12.7. Government Use. The use, duplication, reproduction, release, modification, disclosure, or transfer of the Platform, no matter how received by the United States Government, is restricted in accordance with the terms and conditions contained herein. All other use is prohibited. Further, the Platform was developed at DroneSense’s private expense and is commercial in nature. By using or receiving the Platform, any Government user agrees to the terms and conditions contained in this Agreement including the terms and conditions contained in this paragraph.
12.8. Assignment. Neither party may assign this Agreement, in whole or in part, without the other party's prior written consent, provided that no consent is required in connection with a merger, reorganization, consolidation, amalgamation, sale of assets, change of control, or similar transaction. Any purported assignment in violation of this Section shall be null and void. The Agreement shall be binding on all permitted successors and assigns.

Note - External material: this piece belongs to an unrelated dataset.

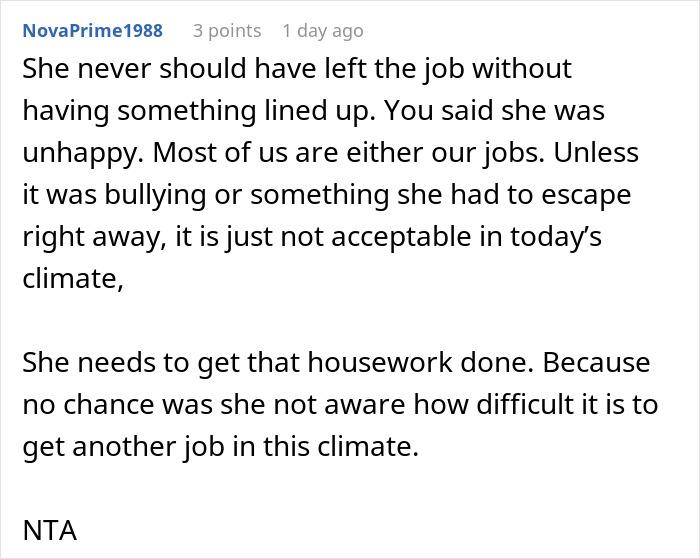 Unemployed Wife Refuses To Do Any Chores Because She’s Stressed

12.8. Severability. The invalidity or unenforceability of any provision hereof, or any terms thereof, shall not affect the validity of this Agreement as a whole, which will at all times remain in full force and effect.
12.9. Waiver. The failure of either party to enforce at any time the provisions of this Agreement, or the failure to require at any time performance by the other party of any of the provisions of this Agreement, shall in no way be construed to be a present or future waiver of such provisions, nor in any way affect the ability of either party to enforce each and every such provision thereafter. The express waiver by either party of any provision, condition or requirement of this Agreement shall not constitute a waiver of any future obligation to comply with such provision, condition, or requirement.
12.10. Order of Preference. If there is a conflict between the terms and conditions of this Agreement and any contracts incorporated by reference, the terms and conditions set forth in these Terms shall take precedence.
12.11. Notices. All notices required or permitted under this Agreement will be in writing and delivered by confirmed facsimile transmission, by courier or overnight delivery service, or by certified mail, and in each instance will be deemed given upon receipt. All communications will be sent to the addresses set forth below or in the Order or to such other address as may be specified by either party to the other in accordance with this Section.